Speaking of pastiches, I recently started reading The Goddess of Ganymede (excellent thus far) and author Michael D. Resnick leads off the volume with this:
To Edgar Rice Burroughs Fans Everywhere
I hope you enjoy reading this Burroughs pastiche as much as I enjoyed writing it.
Finally, I see that we now have a cover of the new Conan novel by S.M. Stirling, Blood of the Serpent. I join a chorus of others in wishing the cover was more classic S&S, a Frazetta-esque painting of the Cimmerian perhaps, but hey, it’s clean, it works, there is a sword on it, and a snake. Two S’s, now that I think of it (too clever by half)? But now this new and latest Conan pastiche feels a lot more tangible.
I tie all of these experiences with pastiches into Deuce Richardson’s recent piece over at DMR Books and it’s got me thinking about this practice as well.
I have mixed feelings on pastiches, and likewise think we need some better-defined terms. Resnick is here using “pastiche” in its original definition, as Deuce lays out “A literary, artistic, musical, or architectural work that imitates the style of previous work.” The Goddess of Ganymede is the story of American soldier of fortune, Adam Thane, on a mission to Jupiter. His spacecraft loses contact with earth and is forced to land on its satellite moon, Ganymede, where Thane is embroiled in swashbuckling adventure. Thane finds he can take huge jumps due to the weaker gravitational pull of the planet, encounters red-skinned inhabitants of the planet, etc. In other words, a transparent Burroughs homage/imitation/pastiche.
De Camp meanwhile used “pastiche” as the continued stories of an established literary character by a new author. That term became synonymous with what he and Carter did with the likes of the Conan story “The Witch of the Mists” (August 1972 Fantastic). This is sort of how we all think of “pastiche” today.

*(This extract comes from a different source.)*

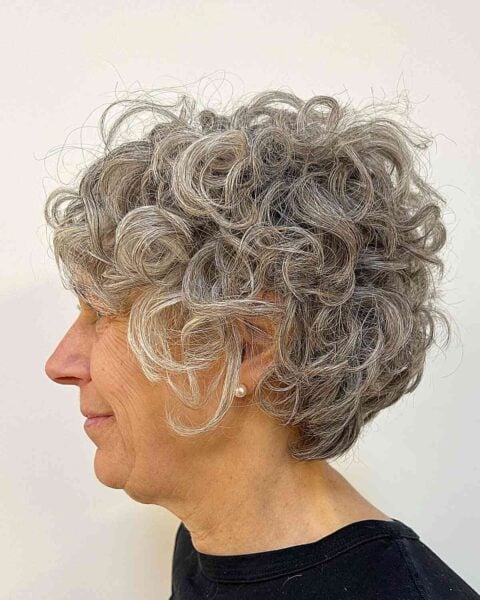 38 Gorgeous Short Hairstyles for Women In Their 60s with Grey Hair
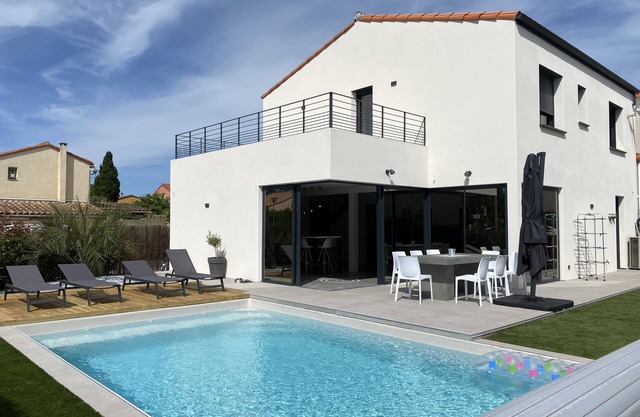 Villa Tomeva, new house with heated pool, 400 meters from the beach.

My current stance on (De Campian-style) pastiche is: I enjoy them (when done well) and have no problem with others continuing to write new stories of beloved characters. I do think fidelity to the original character/world/lore should be a very high priority. And I’m also of the belief that pastiches should contain a short introduction to the original series or other clear indicator that these are imitations, not the real McCoy, to prevent any confusion with new readers and point them in the direction of the source material. But if you want to write them (and have the rights), have at it. If it's good, I might read it.